Aid increases, but the fighter jets Kiev asks for are not arriving

Although Western countries have been gradually increasing their military aid to Ukraine, incorporating more and more heavy equipment, such as self-propelled howitzers, mine-resistant armored vehicles and even Mi-17 helicopters among their deliveries, the demand for modern fighter jets remains unsatisfied.

For weeks now, Kiev has been asking it´s Western allies to supply it with modern fighters. The possibility of transferring MiG-29s from Poland, Bulgaria or Slovakia was first considered, but the risk of escalating the conflict was deemed unacceptable by Washington, which did not approve the operation.

MiG-29 para Ucrania
MiG-29UB being loaded into an USAF C-17 for its journey to the U.S. Photo courtesy DoD.

Then Ukraine asked for Western fighters such as the F-16, F-18 or even the F-15, arguing that its pilots could adapt to the new mount in a matter of weeks, but this option received even less consideration than the previous one.

Finally the Ukrainian Air Force pilots decided to take matters into their own hands, adopting an original tactic.
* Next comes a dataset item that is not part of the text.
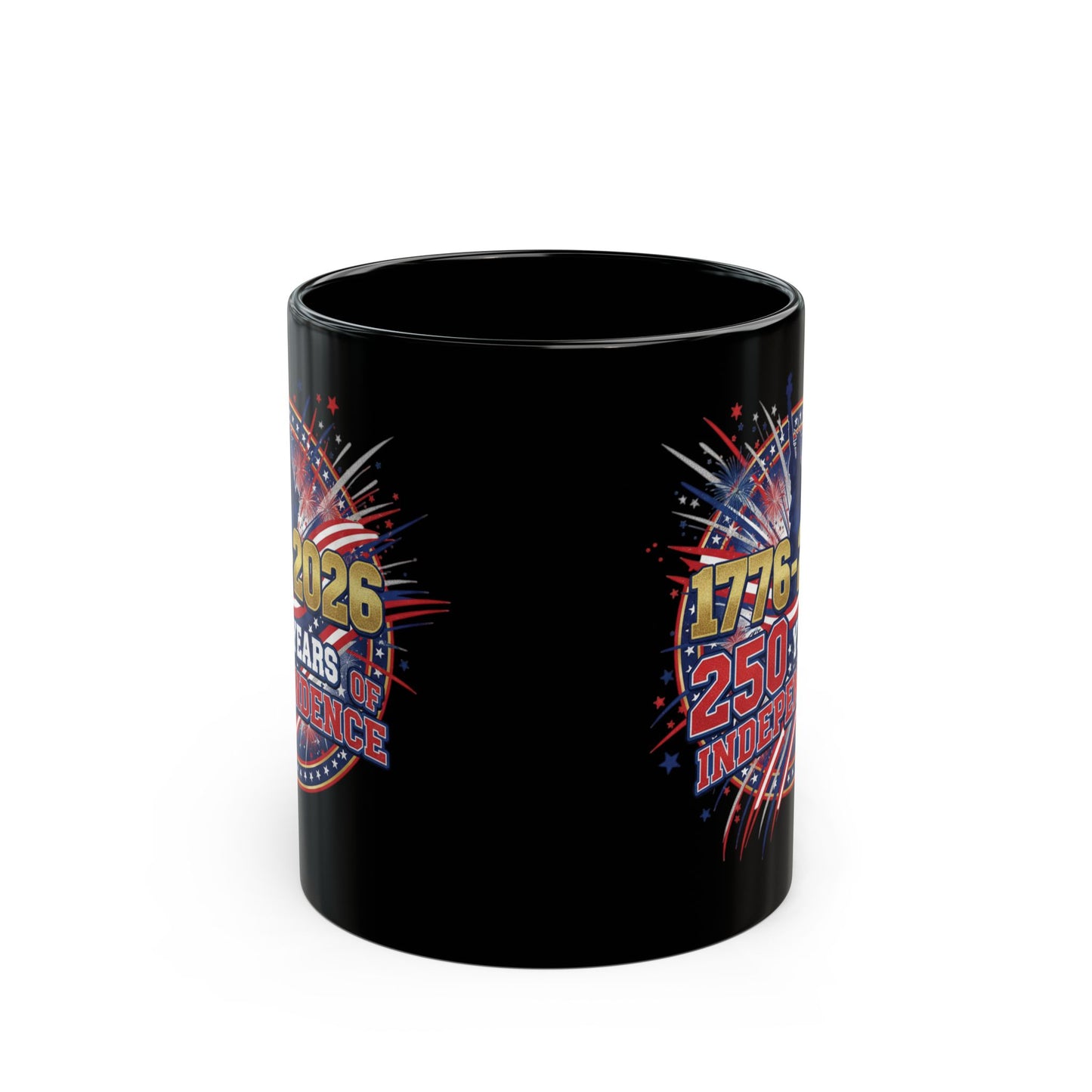 250 Years of Independence Mug 1776-2026 — Patriotic Black Coffee Mug with Fireworks & Statue of Liberty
Using the massive power of the Internet and social networks, they directly appealed to the world’s millionaires (who were sympathetic to their cause) to privately acquire and transfer the fighters they needed to stay in the fight, under the #Buymeafighterjet initiative.

Spare parts never come amiss, but the Air Force wants more aircraft, because it is convinced that only by disputing Russia’s air superiority can it win the war.

So far, this shipment of MiG-29 Fulcrums from the United States is the closest Ukraine has come to getting the coveted fighter aircrafts.

It is not what the Ukrainian Air Force is asking for and needs, but it is evidence that military assistance is increasing, and the level of commitment of Western countries in this war is increasing. If the Ukrainian defenders can buy enough time (paid for at a high cost in lives), the needed fighters could eventually arrive in the medium term. It is a race against the clock.